The article is well structured, as sets the tone with usual WHO/OECD data.  Then builds upon a bit by describing the Scandinavian model.  It then tries to find a common ground between the US and Scandinavian values.  Then it moves on to more of analytical side by describing its survey and interview, which tries to go deeper into the problem.  Against this background, it tries to evaluate the reasons behind the difference in the system.  It concludes logically by bringing to front the psyche of people of respective countries, especially how they perceive the role of government in their daily lives.  Finally, how that reflects in their respective healthcare system.

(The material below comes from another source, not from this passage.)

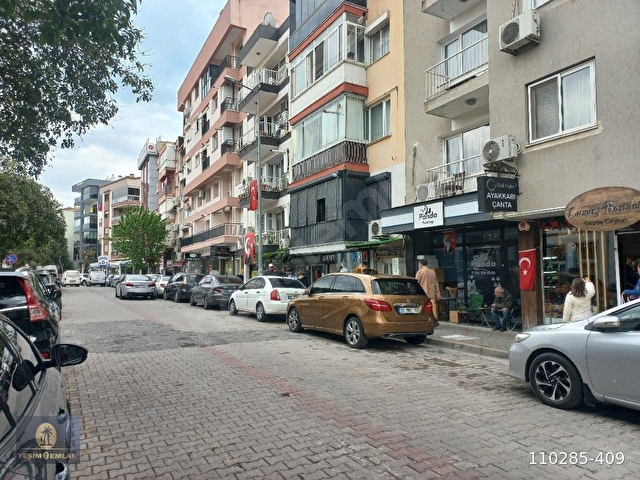 YEŞİM EMLAKTAN KARŞIYAKA BOSTANLIDA KİRALIK 45 M2 DÜKKAN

After going through this article, I believe, before any further debate on healthcare, it is essential of have a broader debate about the role of government in the lives of average Americans.  It will be even tougher debate, and individual steps would be even harder to push.  Without broadening too much, they should limit the debate to health and social issues.  They should bring into forefront the need to take care of have-nots.  They should also consider promoting institutions, such as those that are typically people focused. 

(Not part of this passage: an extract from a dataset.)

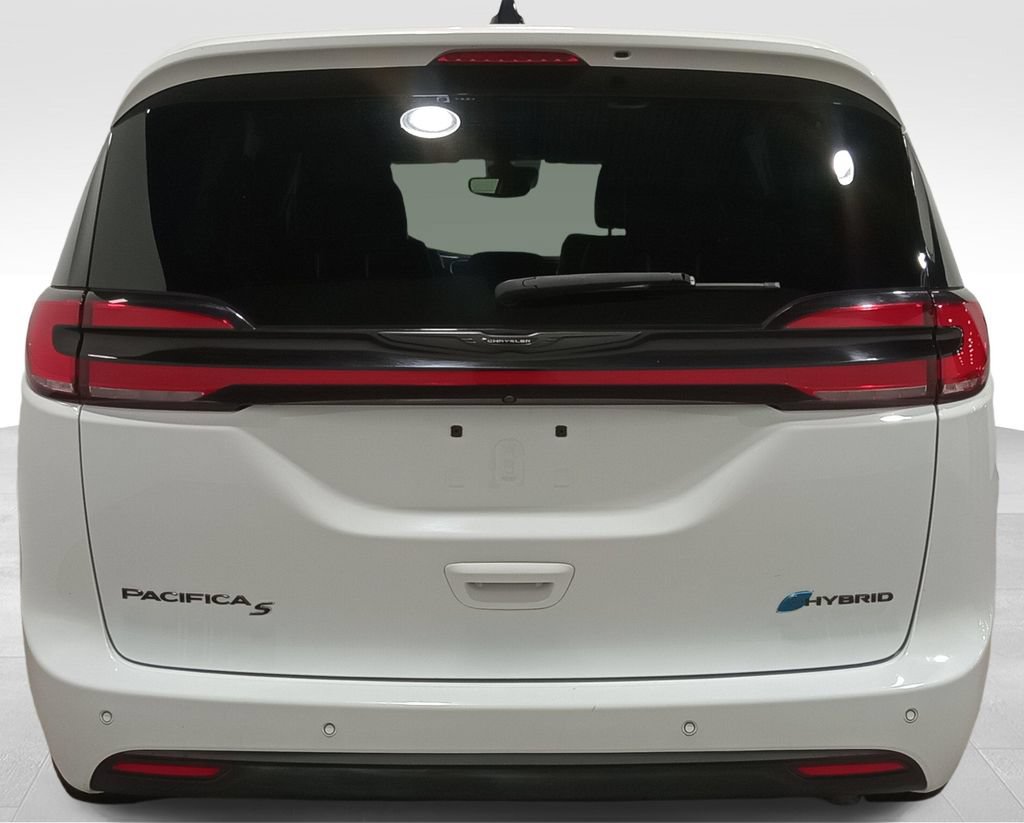 Used 2024 Chrysler Pacifica Limited FWD image 4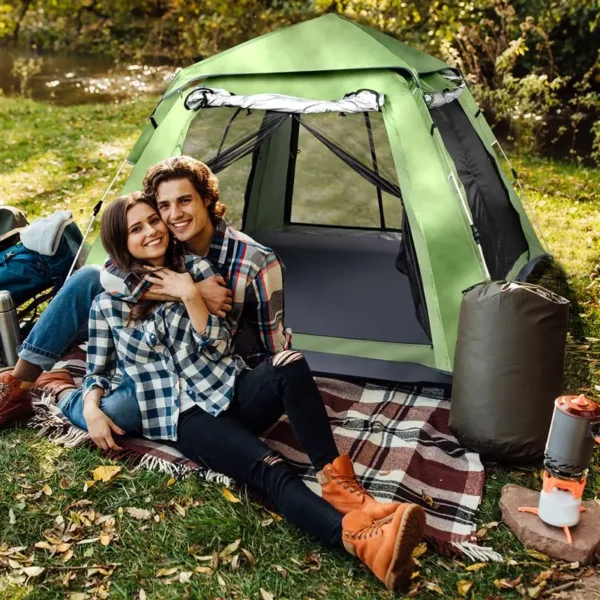 Camping-Tent-with-excellent-ventilation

Bradley, E. & Taylor, L. (2013). US Health Care Reform Is Only Getting Started. [online] Retrieved from: http://yaleglobal.yale.edu/content/us-heath-care-reform-only-getting-started [Accessed: 11 Dec 2013].

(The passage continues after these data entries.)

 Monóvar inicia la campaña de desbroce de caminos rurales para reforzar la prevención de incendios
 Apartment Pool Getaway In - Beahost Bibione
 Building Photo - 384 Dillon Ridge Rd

Basis for Developing System-wide Clinical Pathways

Kinsman, L., Rotter, T., James, E., Snow, P. & Willis, J. (2010). What is a clinical pathway? Development of a definition to inform the debate. BMC medicine, 8 (1), 31.

The article talks about Clinical Pathways, which are tools that guide evidence-based healthcare.  But, there is a widespread disagreement about their impact on hospital resources and patient outcomes.  This stems from confusion among researchers and healthcare personnel regarding what makes up a clinical pathway.  In an effort in that direction, a team of Cochrane review authors decided to create a criteria to assist in the objective identification of clinical pathways studies from the literature.

In an effort to device a criteria to define a clinical pathway, the undertook a four-stage process:  do literature review to define clinical pathway; develop a draft criteria; pilot test the criteria; and modify the criteria based on over all literature review.

Literature review and their liaison with the European Pathways Association resulted in creation of five criteria used to define a clinical pathway: (1) intervention should be structured multidisciplinary plan of care; (2) it should translate guidelines or evidence into local structures; (3) it should detail the steps in the course of treatment or care or criteria based progression; (4) it should have timeframes or criteria-based progression; and (5) it should aim to standardize care for a specific clinical problem or episode of healthcare in a specific population. 

After pilot testing it was concurred that if an intervention met the first criteria, and in addition three out of the other four, then it should be considered as a clinical pathway.  Therefore, this criteria can be used as a basis of development of standardized, internationally accepted definition of a clinical pathway, and for the pathways themselves. 

The method employed is simple and credible.  It stress on the fact that there is widespread disagreement over their impact on hospital resources and patient outcomes.  I believe the disagreement comes for conflicting priorities on the management and the physicians.  However, it is not difficult to resolves as such conflicts happen across the spectrum of healthcare delivery.  Further, I believe that care pathways should have flexibility built in to allow customization based on patient’s needs and that of the providers.  So long as the patient reach the right destination within the broad parameters of pathways it is fine.  Keeping this way we will be able to balance both outcome and resources.

Also, there is need to have multi-disciplinary teams to discuss clinical pathways, so that everybody’s perspective is taken into account, and appropriate clinical pathways are developed.  These teams “should” have representation from every possible sector and profession that may be required to participate in the delivery of care.